Quant à l’importance même accordée à la pandémie, Paul Biya semble n’avoir pas encore compris de quoi il s’agit, ou plutôt son administration ne lui a pas encore présenté toute la situation. Si oui il ne créerait pas un Fonds spécial de solidarité, il déciderait d’une dotation spéciale d’urgence comme l’on a vu par le passé. Le 29 janvier 2020, le gouvernement décidait de mettre 100 milliards de francs cfa sur la table pour payer les dettes intérieures, sur haute instruction du Chef de l’Etat. Bien loin en arrière, des exemples existent aussi. La situation exige en ce moment une décision similaire. Un fonds spécial de solidarité suppose que les élans de solidarités des uns et des autres sont attendus. Et si jamais ces élans n’arrivaient pas, que ferait-on ?

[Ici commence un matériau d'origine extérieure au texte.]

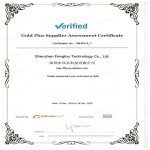 PGP 시리즈 PGP75 PGP76 유압 기어 펌프 : E-Tech World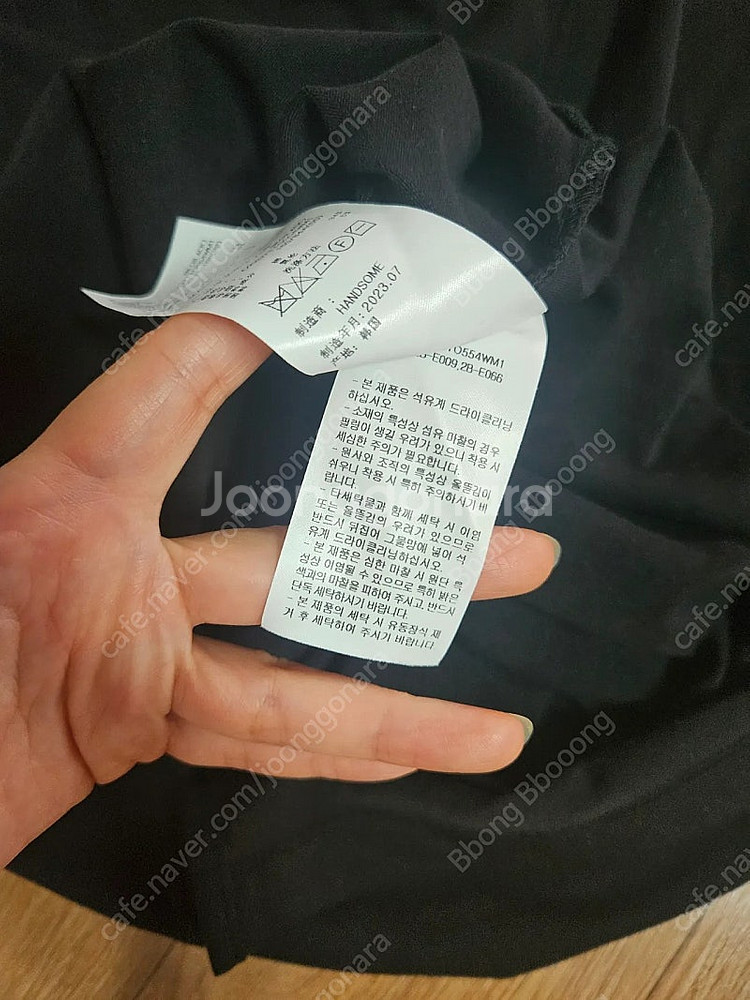오즈세컨 23년 럭키슈에뜨 보브 시스템 마인 타임 sj...--5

Ce qui conforte encore l’idée selon laquelle Paul Biya ne serait pas au courant de la vraie situation, c’est qu’il instruit de mettre en urgence un milliard de francs, alors qu’un jours avant, le ministre de la Santé publique annonçait que la prise en charge des passagers confinés dans les hôtels à Yaoundé et Douala, avait déjà coûté à l’Etat 630 millions de franc Cfa. C’est dire que le milliard devrait être rapidement englouti dans cette rubrique.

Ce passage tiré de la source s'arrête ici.